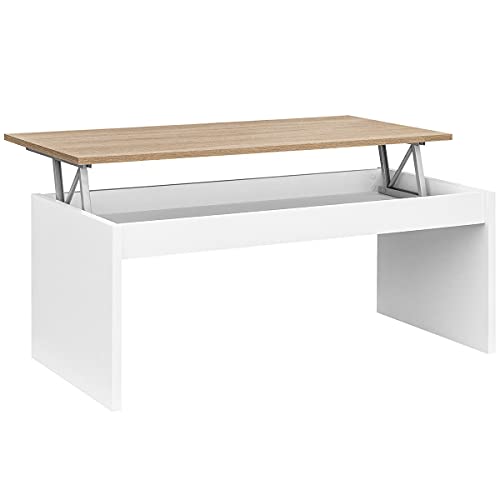 COMIFORT Mesa Centro Elevable - Mesa Salón Funcional con Gran Almacenaje, Moderna, Elegante, Muy Resistente, 2 Patas, Color Blanco y Roble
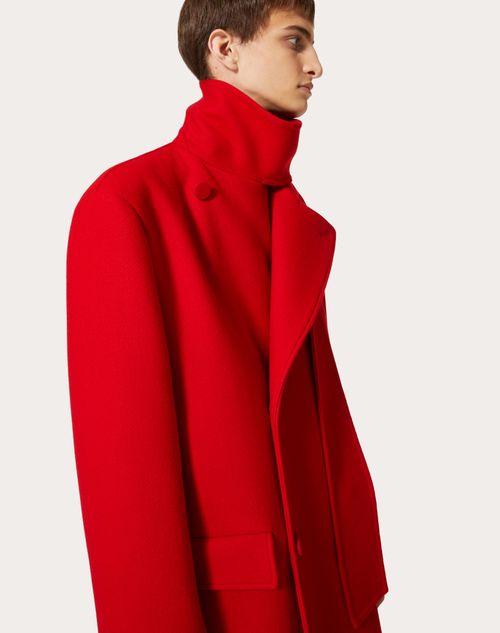 Mens red wool on sale overcoat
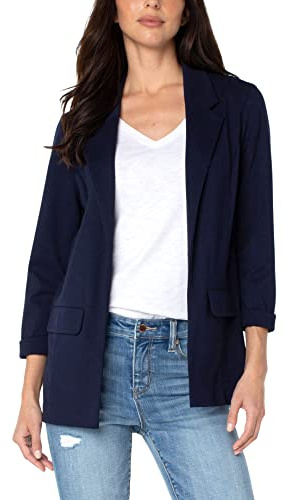 Liverpool Women's Boyfriend Blazer with Princess Dart, Cadet Blue, L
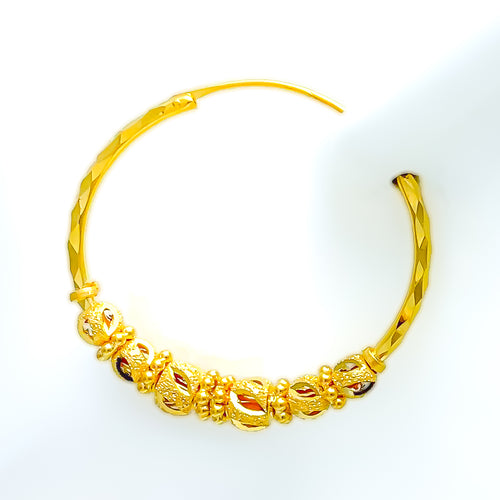 Elegant Cutwork 22K Gold Bali Earrings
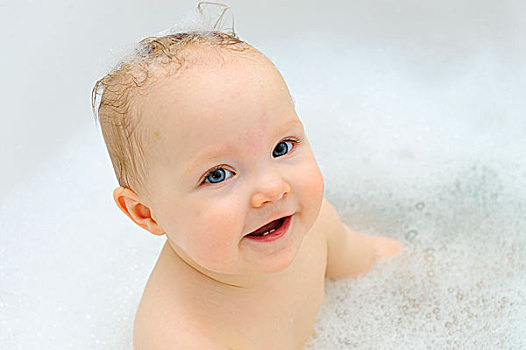 女婴,11个月,浴,德国,欧洲
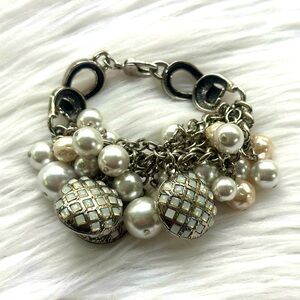 ST JOHN KNIT WOMENS BRACELET DESIGNER Flash Gold/ White Opal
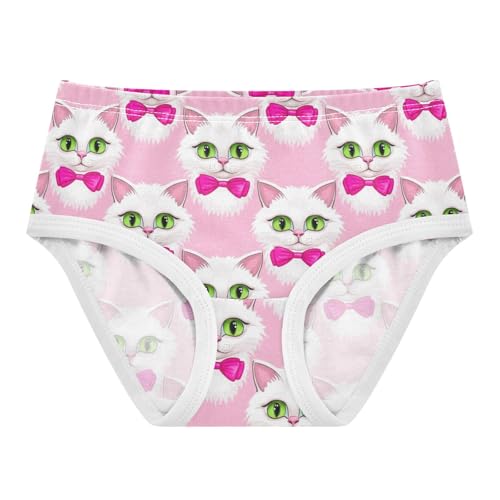 Joisal Toddler Underwear Floral 2t Cotton Panties for Girl Bright Kids Undies Briefs Cute Cats Green Eyes Pink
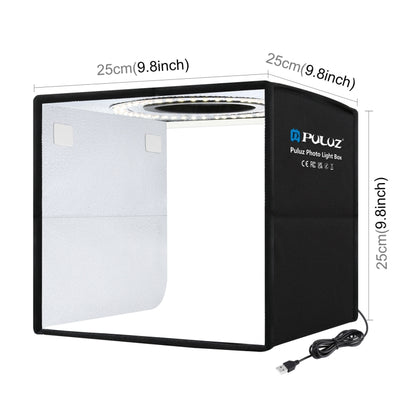 PULUZ 25cm Folding Portable Ring Light Photo Lighting Studio Shooting Tent Box with 12 Colors Backdrops, Size: 25cm x 25cm x 25cm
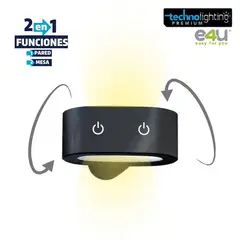 TECHNOLIGHTING - Aplique Pared Muro Mesa Adhesivo Negro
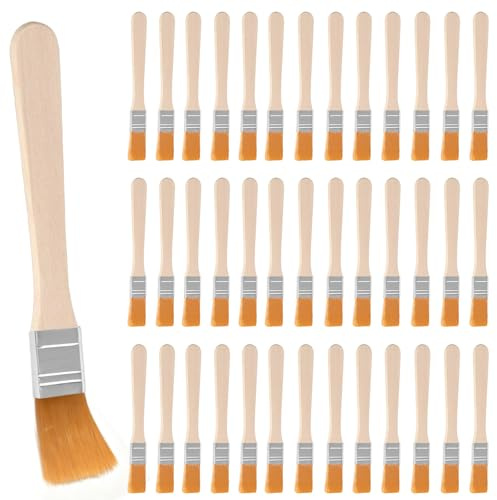 40 Stück Kleine Pinsel Borstenpinsel Set, 13.5cm Flachpinsel Lackierpinsel Malerpinsel Pinsel Lack Fensterpinsel mit Holzgriff für Farben Kunst Malerbedarf Lacke Malerei DIY Streichen von Wänden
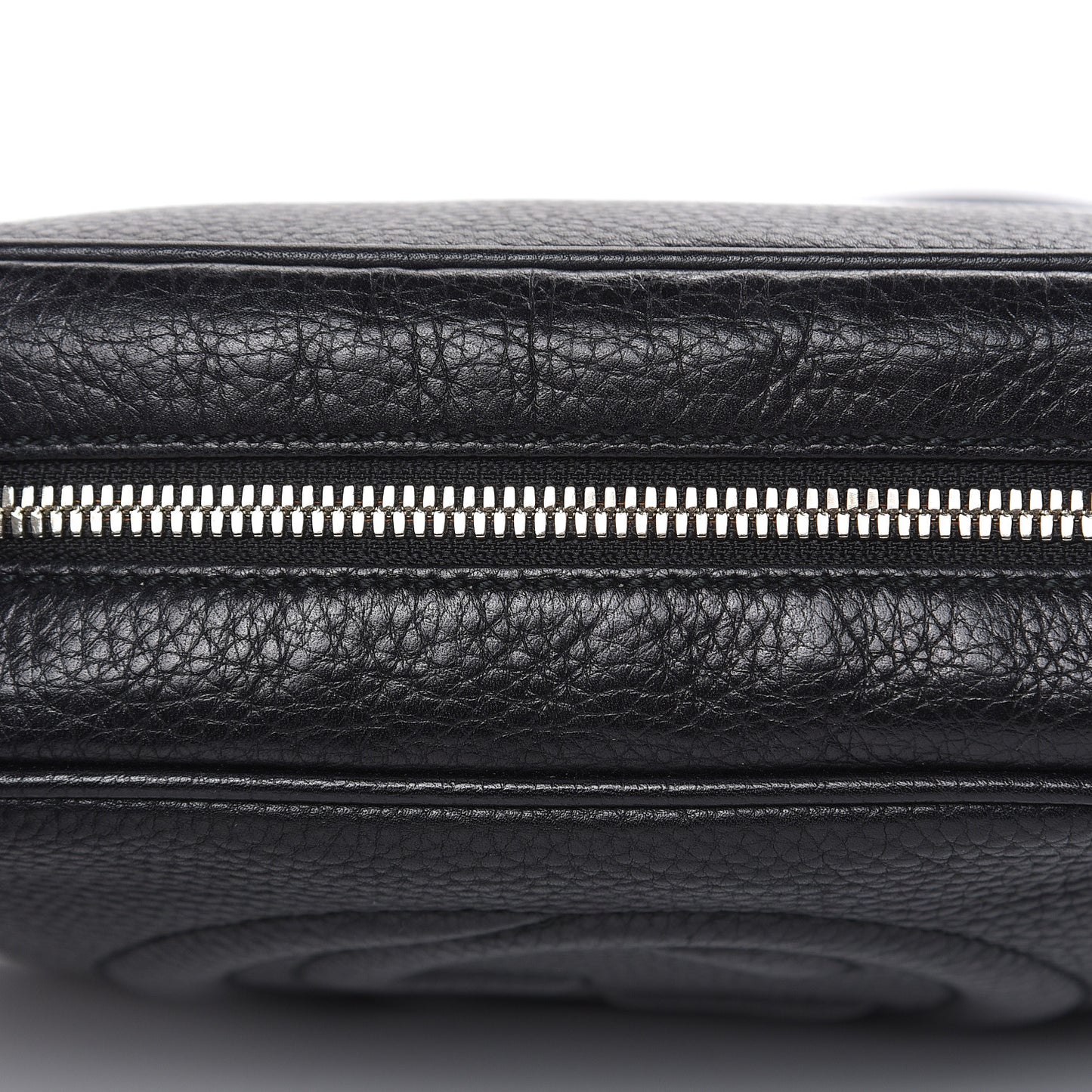 Pebbled Calfskin Small Soho Disco Bag Black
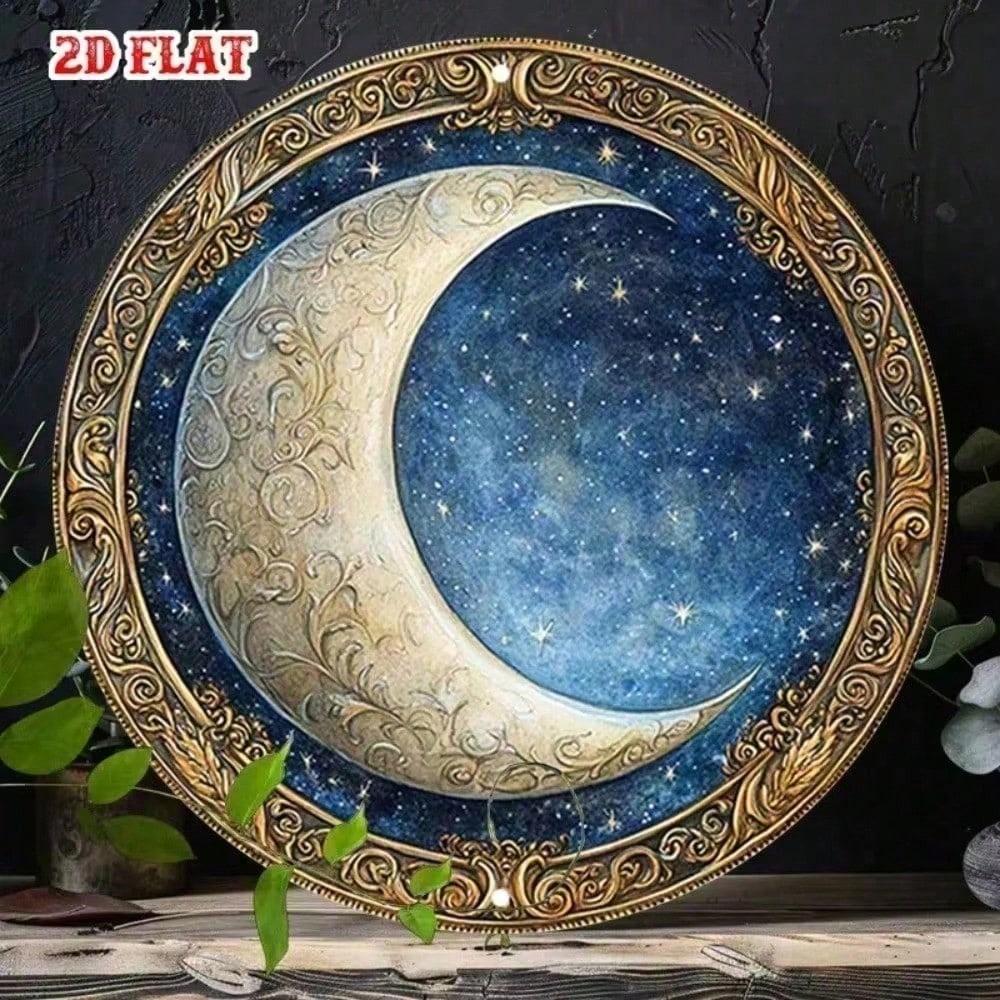 Metal Wall Art Moon Rustic Farmhouse Decor for Living Room Gift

- _PROBLEM REQUIREMENTS_
Exact duplicates of all the entries are required, and no image may appear in them.

- _ANSWER SPACE_
 COMIFORT Mesa Centro Elevable - Mesa Salón Funcional con Gran Almacenaje, Moderna, Elegante, Muy Resistente, 2 Patas, Color Blanco y Roble
 Mens red wool on sale overcoat
 Liverpool Women's Boyfriend Blazer with Princess Dart, Cadet Blue, L
 Elegant Cutwork 22K Gold Bali Earrings
 女婴,11个月,浴,德国,欧洲
 ST JOHN KNIT WOMENS BRACELET DESIGNER Flash Gold/ White Opal
 Joisal Toddler Underwear Floral 2t Cotton Panties for Girl Bright Kids Undies Briefs Cute Cats Green Eyes Pink
 PULUZ 25cm Folding Portable Ring Light Photo Lighting Studio Shooting Tent Box with 12 Colors Backdrops, Size: 25cm x 25cm x 25cm
 TECHNOLIGHTING - Aplique Pared Muro Mesa Adhesivo Negro
 40 Stück Kleine Pinsel Borstenpinsel Set, 13.5cm Flachpinsel Lackierpinsel Malerpinsel Pinsel Lack Fensterpinsel mit Holzgriff für Farben Kunst Malerbedarf Lacke Malerei DIY Streichen von Wänden
 Pebbled Calfskin Small Soho Disco Bag Black
 Metal Wall Art Moon Rustic Farmhouse Decor for Living Room Gift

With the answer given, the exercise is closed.